Starting with the line that contains "this 820×615 image." and ending with the last line of the entries, repeat exactly those lines and nothing else, pictures excluded.

######

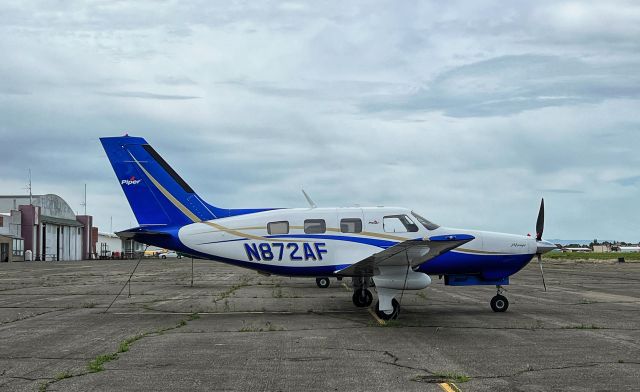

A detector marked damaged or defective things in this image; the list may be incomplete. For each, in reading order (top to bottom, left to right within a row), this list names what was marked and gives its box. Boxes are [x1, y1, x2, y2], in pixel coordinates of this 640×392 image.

cracked pavement [0, 258, 636, 390]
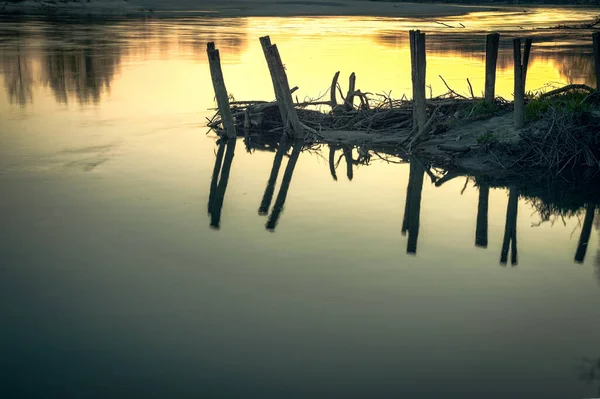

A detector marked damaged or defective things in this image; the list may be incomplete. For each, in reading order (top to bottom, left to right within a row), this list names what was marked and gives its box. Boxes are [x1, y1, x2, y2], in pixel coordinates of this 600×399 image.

broken wooden stake [205, 42, 236, 139]
broken wooden stake [408, 29, 426, 136]
broken wooden stake [512, 37, 532, 128]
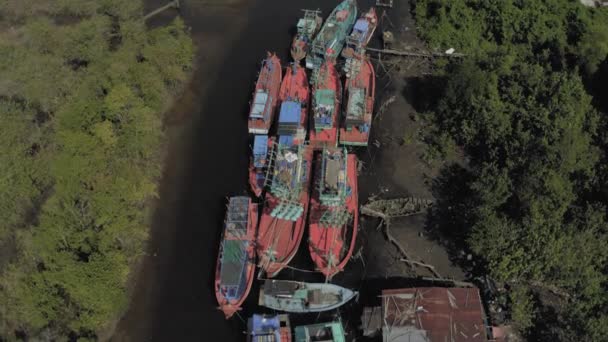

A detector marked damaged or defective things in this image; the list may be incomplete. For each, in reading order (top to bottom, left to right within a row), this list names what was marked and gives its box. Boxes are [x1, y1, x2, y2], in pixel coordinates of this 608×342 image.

rusty metal roof [380, 288, 490, 340]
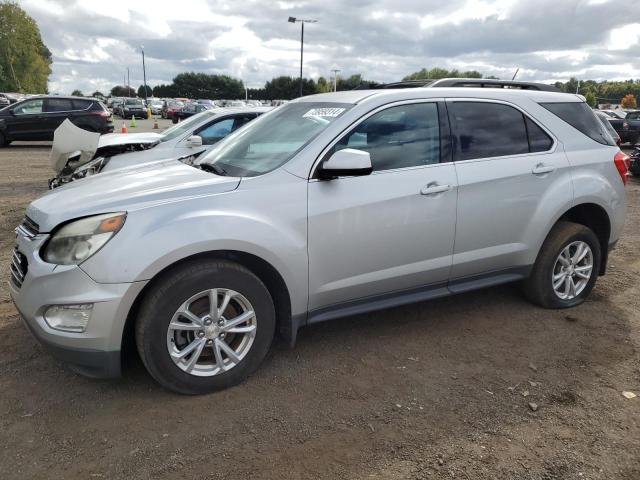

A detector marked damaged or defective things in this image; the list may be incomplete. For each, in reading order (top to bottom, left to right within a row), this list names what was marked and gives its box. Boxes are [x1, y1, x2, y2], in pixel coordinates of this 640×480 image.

white damaged car [48, 106, 270, 188]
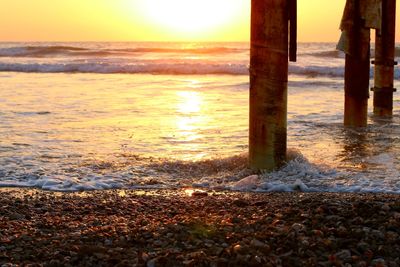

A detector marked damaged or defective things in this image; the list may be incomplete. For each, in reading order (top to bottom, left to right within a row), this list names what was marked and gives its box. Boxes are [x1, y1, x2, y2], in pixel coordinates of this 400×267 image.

thin rusty metal pole [248, 0, 290, 172]
thin rusty metal pole [342, 0, 370, 128]
thin rusty metal pole [372, 0, 396, 117]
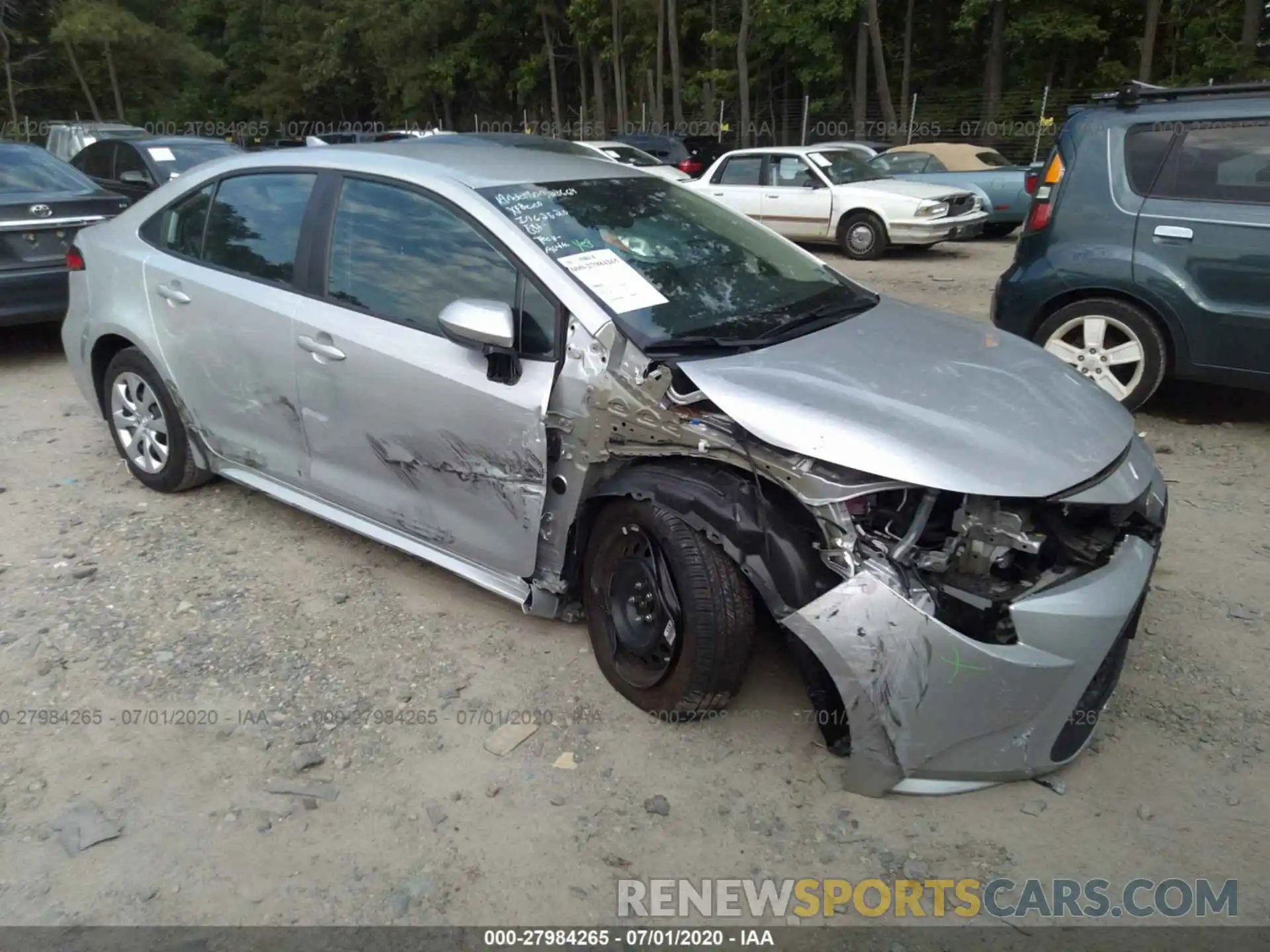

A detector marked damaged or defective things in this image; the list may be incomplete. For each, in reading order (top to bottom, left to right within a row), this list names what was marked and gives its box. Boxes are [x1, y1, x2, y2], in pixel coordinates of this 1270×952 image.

dented driver door [294, 178, 558, 581]
damaged silver car [64, 139, 1163, 797]
crushed front end [787, 439, 1163, 797]
torn bumper cover [782, 452, 1168, 802]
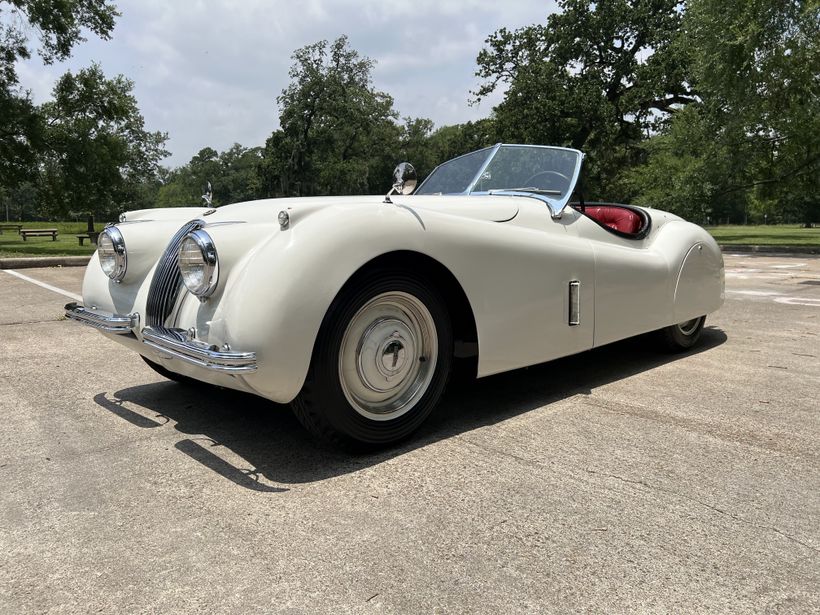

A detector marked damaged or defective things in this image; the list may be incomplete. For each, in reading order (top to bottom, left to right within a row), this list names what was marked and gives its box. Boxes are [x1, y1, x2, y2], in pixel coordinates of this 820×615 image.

cracked concrete [0, 256, 816, 615]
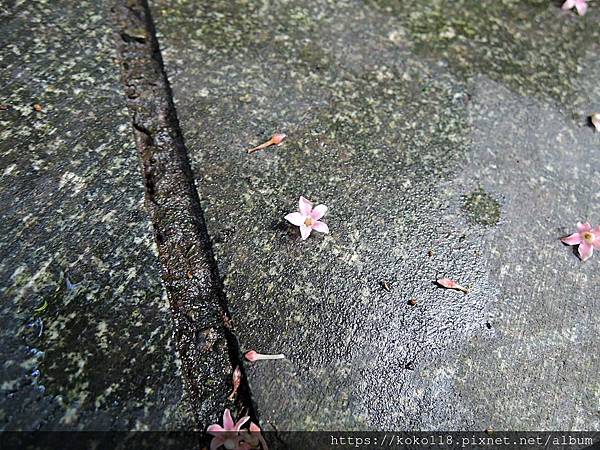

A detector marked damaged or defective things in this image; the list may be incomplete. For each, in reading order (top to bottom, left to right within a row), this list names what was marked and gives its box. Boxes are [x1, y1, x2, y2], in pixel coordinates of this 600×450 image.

crack in concrete [109, 0, 256, 430]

######

__ANSWER TO THE EXERCISE__
A detector marked damaged or defective things in this image; the list may be incomplete. For each, in reading order (top to bottom, left to right within a row), this list names what was marked and gives its box. Boxes are [x1, y1, x2, y2], in pixel coordinates of this 820×615 image.

cracked concrete [0, 256, 816, 615]

A detector marked damaged or defective things in this image; the list may be incomplete. For each, in reading order (top to bottom, left to right within a row), this list names what was marked and gives its box. Boxes are [x1, y1, x2, y2], in pixel coordinates of this 600×450 image.

crack in concrete [109, 0, 256, 430]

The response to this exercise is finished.